From the listing that follows, reproduce only the lines from the one holding "Orion Work Tote" through the one holding "Cartucho Fujifilm Frontier-s", both included, with no pictures.
Segment Start: Data for this exercise
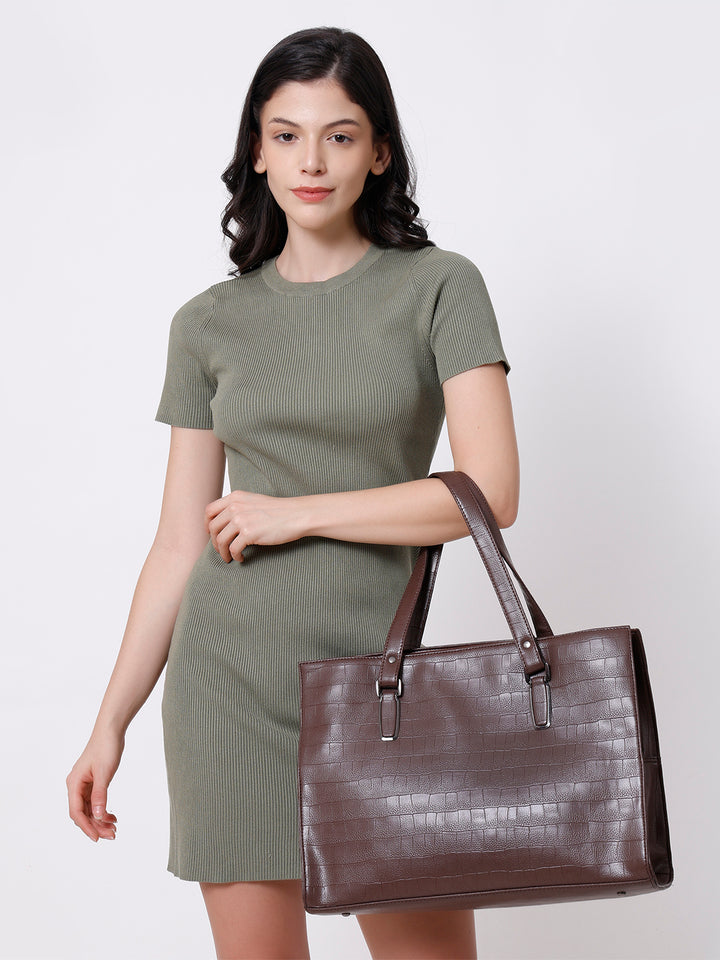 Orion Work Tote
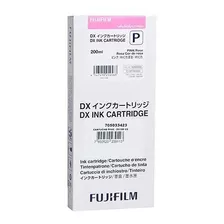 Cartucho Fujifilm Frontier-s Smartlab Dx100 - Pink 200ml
Segment End: Data for this exercise
Segment Start: Data for this exercise
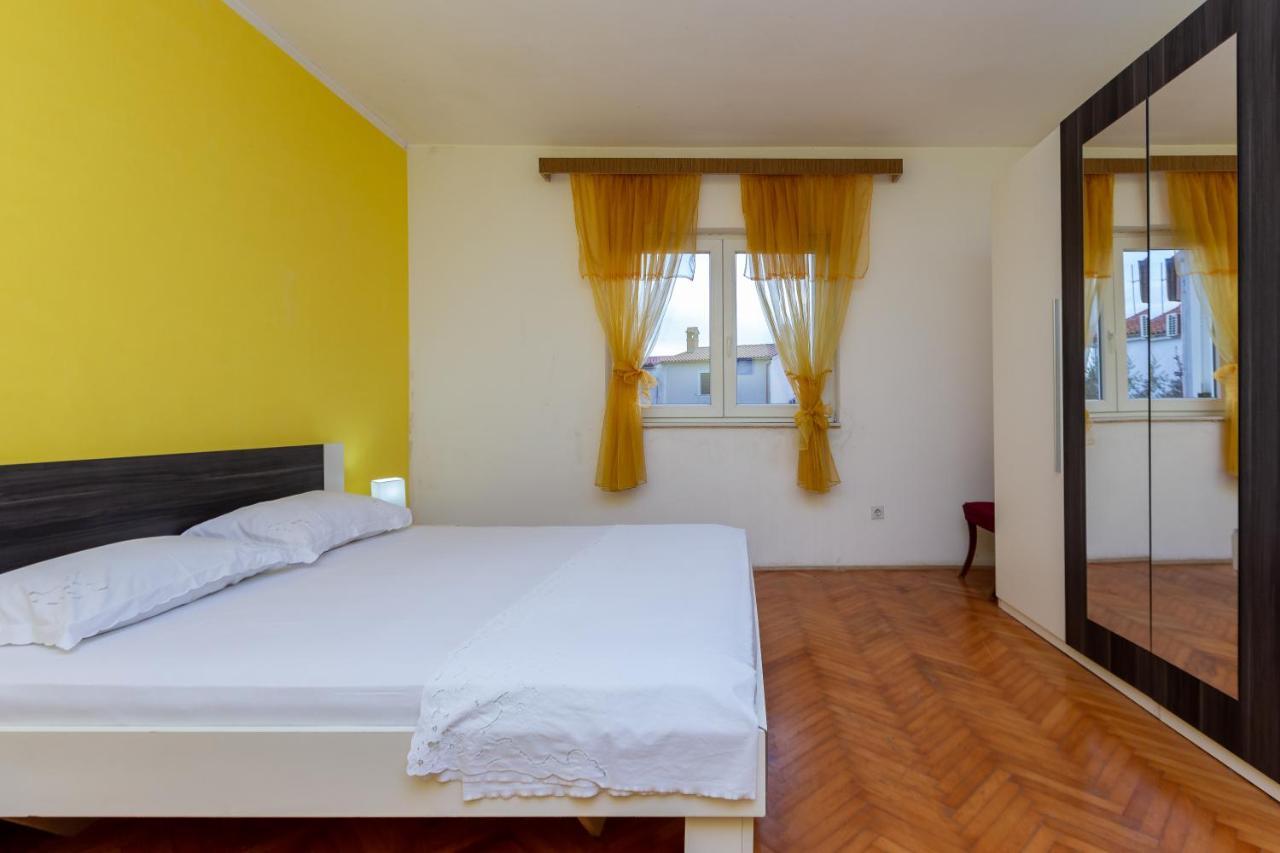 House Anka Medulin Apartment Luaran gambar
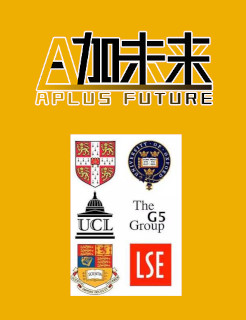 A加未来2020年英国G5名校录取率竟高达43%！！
Segment End: Data for this exercise
Segment Start: Data for this exercise
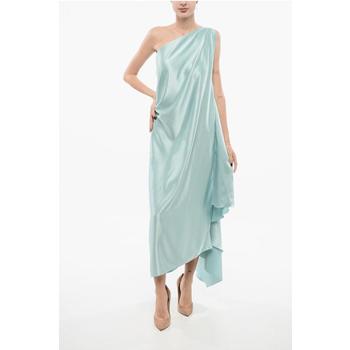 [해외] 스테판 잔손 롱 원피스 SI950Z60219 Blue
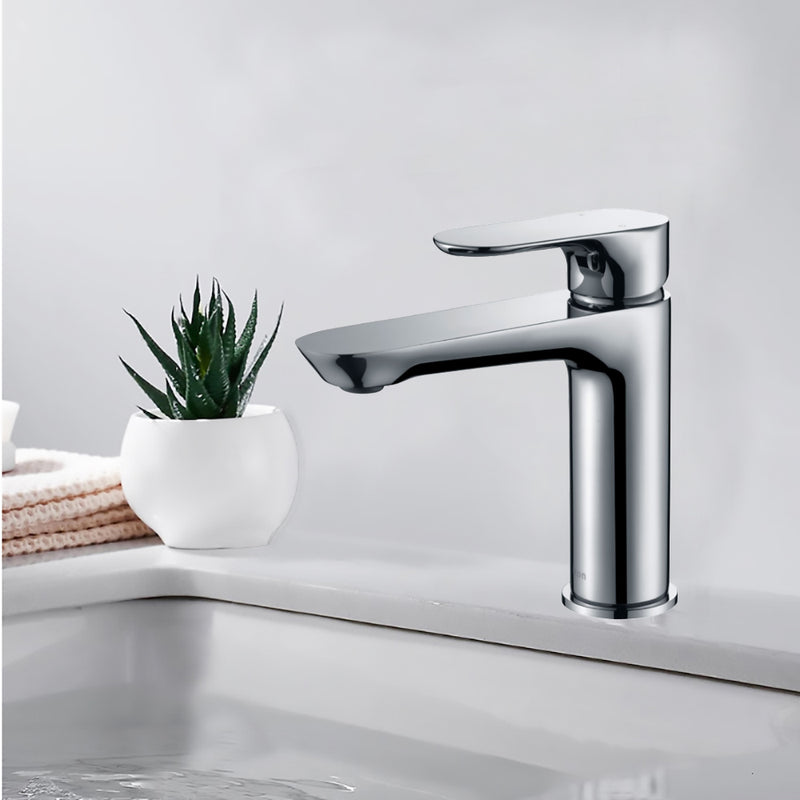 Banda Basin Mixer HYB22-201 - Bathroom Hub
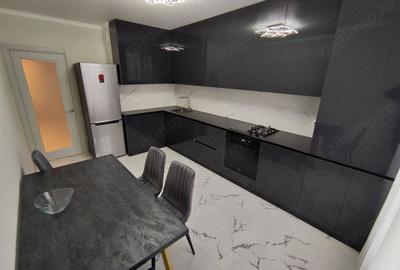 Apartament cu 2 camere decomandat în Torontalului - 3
Segment End: Data for this exercise
_Your response:_
 Orion Work Tote
 Cartucho Fujifilm Frontier-s Smartlab Dx100 - Pink 200ml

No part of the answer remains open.